Par Alioune Dieng – Canal Banlieue
Dakar, 23 avril 2025 – C’est une décision qui fera date dans l’histoire politique et juridique du Sénégal. Ce mercredi, le Conseil constitutionnel a invalidé la loi interprétative adoptée par l’Assemblée nationale le 2 avril dernier, relative à l’amnistie des faits survenus entre 2021 et 2024. Cette décision marque un tournant juridique majeur et ravive les tensions politiques autour des questions de justice transitionnelle, de mémoire collective et d’impunité.
Une loi jugée contraire à la Constitution
Dans son arrêt, le Conseil constitutionnel a estimé que la loi interprétative votée par la majorité parlementaire, censée élargir la portée de la loi d’amnistie en y incluant des faits potentiellement qualifiables de crimes graves, va à l’encontre de plusieurs principes fondamentaux consacrés par la Constitution sénégalaise.
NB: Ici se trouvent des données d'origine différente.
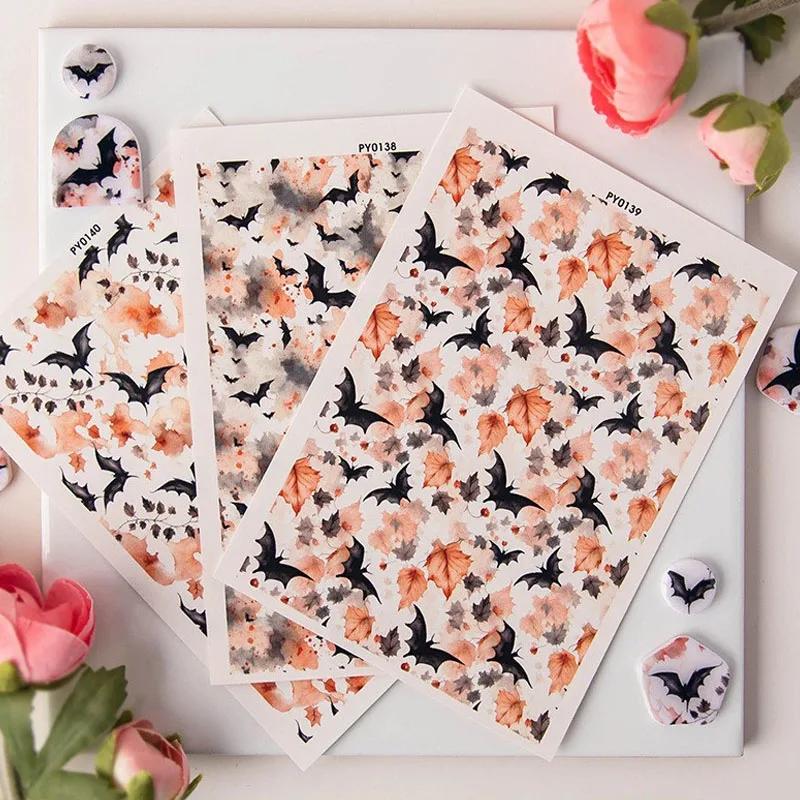 Halloween Náušnice z měkké keramiky Papír pro vodní transfer Netopýr Strašidelný dům Hlina Vodorozpustná Jednorázová samolepka Nástroj pro výrobu šperků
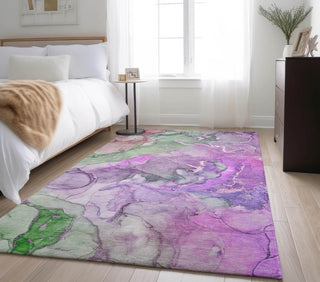 Piper Looms Mayfield Watercolors AMF500 Purple Machine Washable Area Rug Lifestyle Image Feature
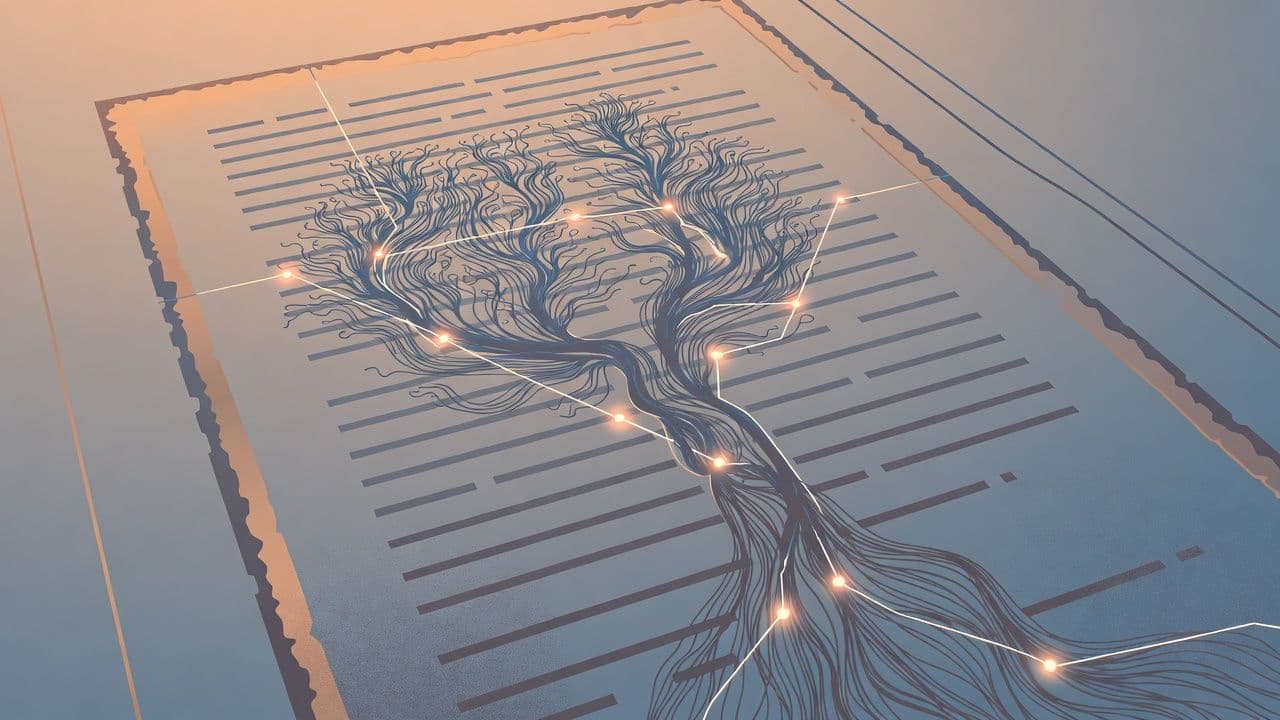 Абстрактная иллюстрация документа с ветвящимися паттернами нейронной сети в синих и тёплых тонах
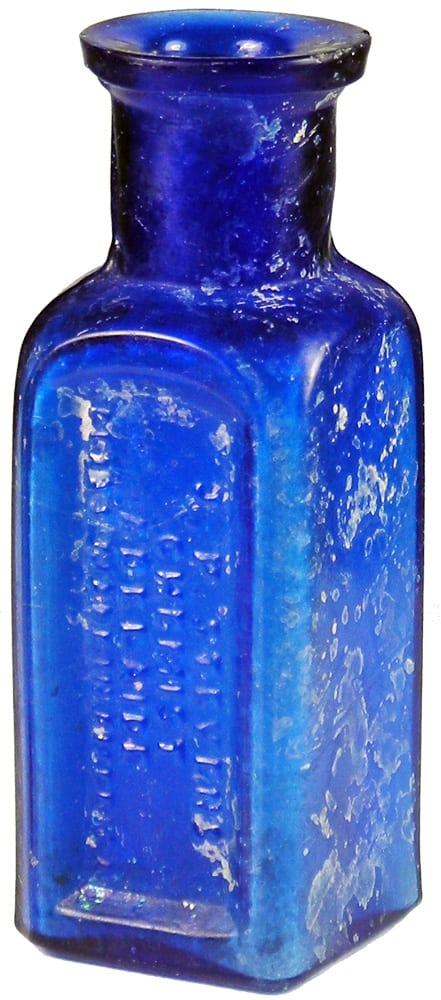 Stevens Chemist Adelaide Cobalt Blue Medicine Bottle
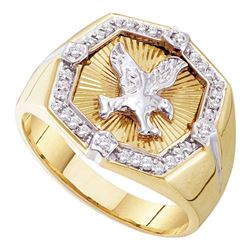 0.25 CTW Mens Diamond Eagle Cluster Ring 10KT Yellow Gold - REF-26Y3X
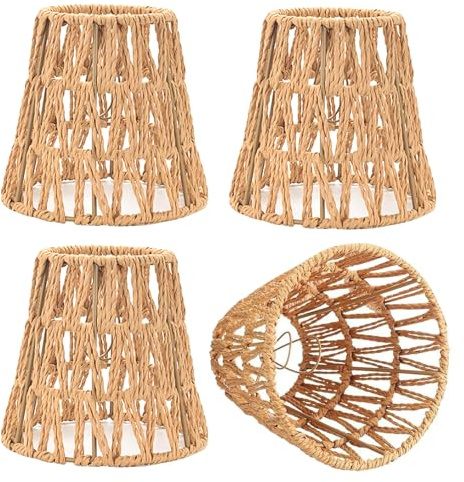 4 Pièces Abat-Jour En Rotin Naturel, Abat Jour Rotin Naturel Boho, Petits Abat-Jours Bohème En Rotin Ø15 Cm, Abat Jour Plafond, Vintage Pour E26 E27 Applique Suspendue Lampadaires Suspension, Kaki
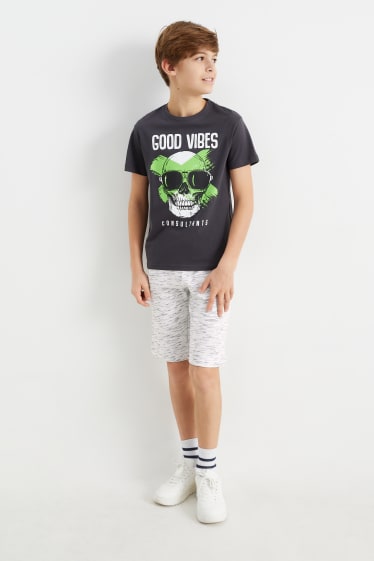 Niños - Calavera - conjunto - camiseta de manga corta y shorts deportivos - gris oscuro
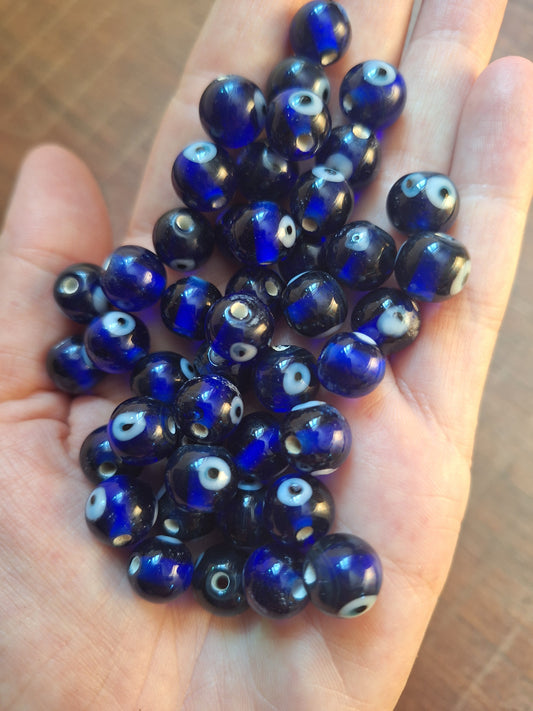 Glass beads Eye, dark blue, set of 10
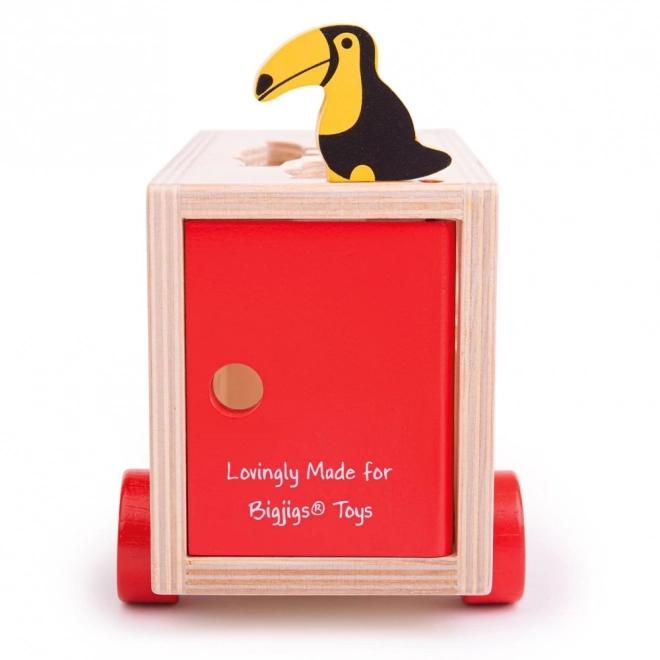 Bigjigs Igrače Leseni avto s safari živalmi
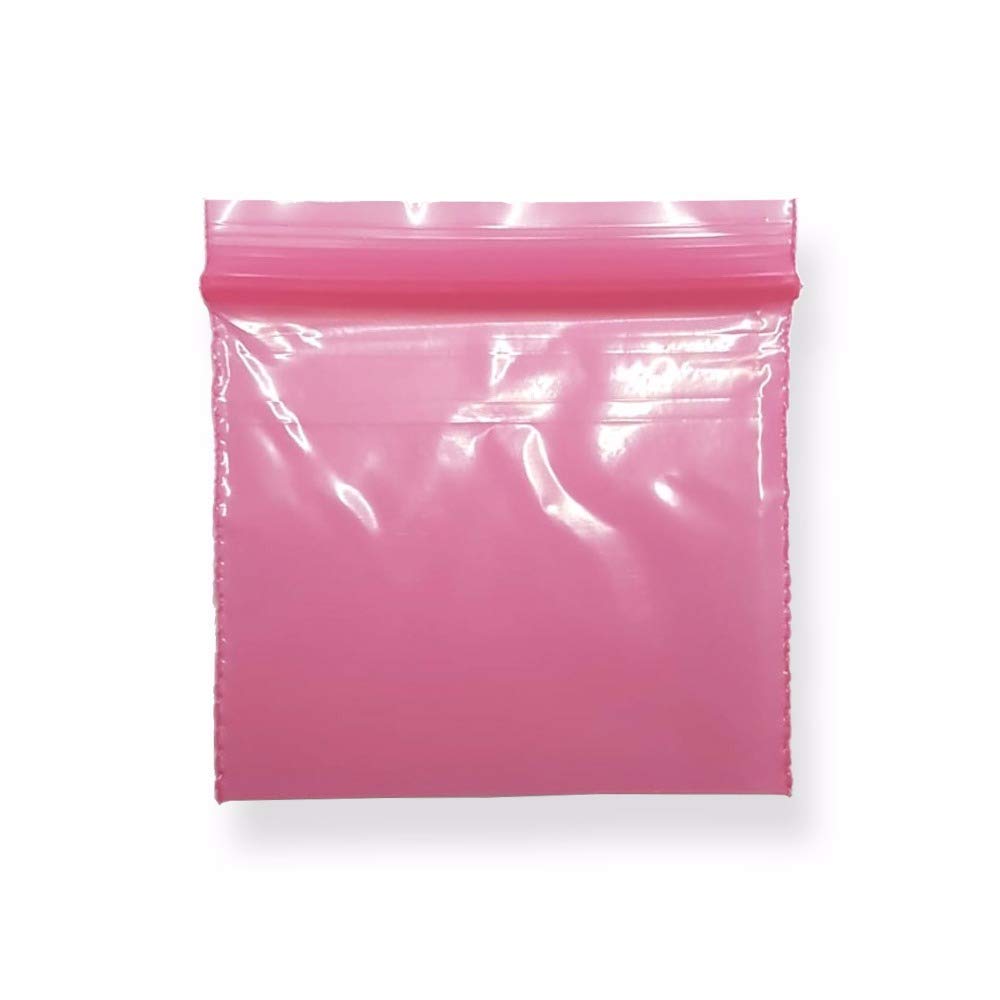Grip Seal Bags Resealable Plastic Bags Poly Plastic Storage Bags Zip Lock Bags Baggies (40x40 mm (200 Pcs), Red)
Le Conseil s’est notamment appuyé sur l’article 98 de la Constitution qui garantit la hiérarchie des normes et la prééminence des engagements internationaux du Sénégal. En particulier, il a rappelé que le Sénégal est partie au Statut de Rome instituant la Cour pénale internationale (CPI), lequel interdit l’amnistie pour les crimes imprescriptibles tels que les crimes contre l’humanité, la torture ou les traitements cruels, inhumains et dégradants.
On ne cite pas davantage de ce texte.